They had planned to have lunch there, but there were many visitors that day and not enough tables available. Members of the group suggested going to the Spanish garden in Jericho and eating there. Everyone was happy to find a solution where they could all eat together.

After lunch, Mohamad Jamous interviewed some participants, asking them what love, peace, and respect mean to them, and how religion can be a force for peace. All of the answers shared the same core message: we are all human beings and there should be respect, love, and peace among all religions in the world, and not only in Israel and Palestine. Muslim participants agreed that Islam taught them to love and respect others and live with other communities in love and peace, saying people need to talk with each other to achieve peace.

After lunch, the group visited Old Jericho and the spring of Ein Al-Sultan, where people talked with each other and took pictures and the children there played together. At sunset, the day ended with a prayer that we can all live together in peace.

Mohamad Jamous and the other Palestinian Coordinators are looking forward to more peace journeys and peace building activities throughout 2018 where people from many religions can experience each others’ sacred spaces, perspectives, and each other as a human being – Happy New Year!
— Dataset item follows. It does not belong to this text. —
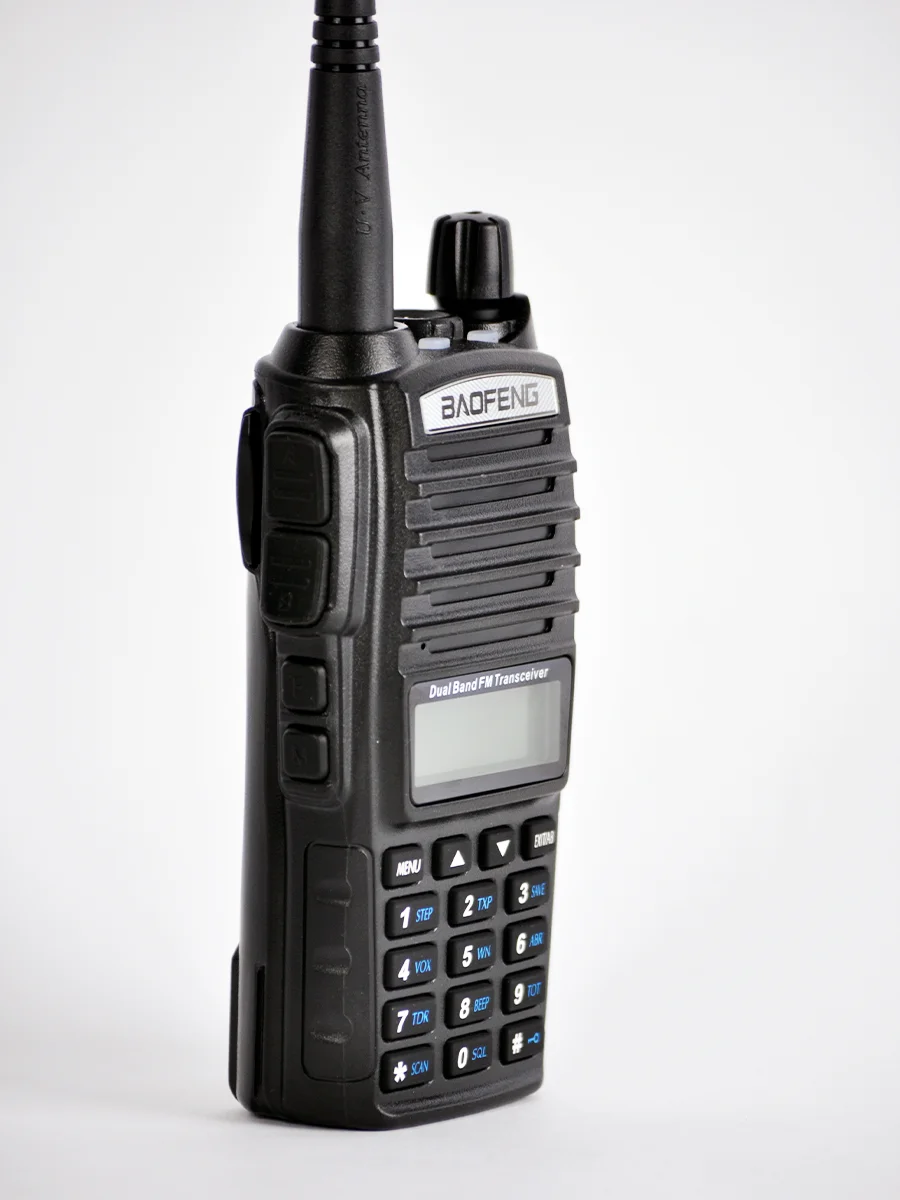 Портативная радиостанция Baofeng UV-82, 3 режима, 8 Вт / черная и радиус 10 км/ UHF VHF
The AR at the URI Middle East & North Africa Annual Assembly

Siham Halabi, center, a Druze peace leader on the Abrahamic Reunion board

The United Religions Initiative’s Middle East & North Africa division (URI MENA) held its 15th annual assembly from November 23-26, 2017. Rabbi Dr. Yakov Nagen, Siham Halaby, and Ibtisam Mahameed represented the Abrahamic Reunion at the assembly, held in Amman, Jordan. Representatives came from Israel, Egypt, Tunisia, the PA, Morocco, Lebanon, Kuwait, and Iraq. Rabbi Yakov Nagen, Co-Chairman of the Board for the AR NGO in Israel, wrote the following report:

 

Rabbi Yakov Nagen leads a workshop session called “The Other as Brother: Stories of Hope and Reconciliation in Hebron and Jerusalem”

“I was privileged to represent the Abrahamic Reunion at the annual event, with this years theme: “People against Violence” . When arriving I was hugged as a brother by leaders of the URI who had never met me but felt a deep connection because of our common vision. Indeed just as I always feel at AR events that we are a family, so too I felt this with the leaders of the various Cooperation Circles of the Middle East and North Africa region of the URI. In the session I presented: “The Other as Brother: Stories of Hope and Reconciliation in Hebron and Jerusalem”, I shared with the participants the techniques of the AR and told about our activities, in particular stories from the annual Iftar and the visits to educational institutions both Arab and Jewish. For me one of the most significant teachings I learnt was in the session of the NGO “Hope for the children of Palestine” in which they shared their slogan “connection before correction”, an idea that always took me so many words to say, I now can do in three words!

One very moving moment was when a young woman from Iraq asked to say in prayer in her native language. To my great surprise, her language is a form of Aramaic, the ancient language that Jews spoke 2000 years ago and in which the Talmud was written.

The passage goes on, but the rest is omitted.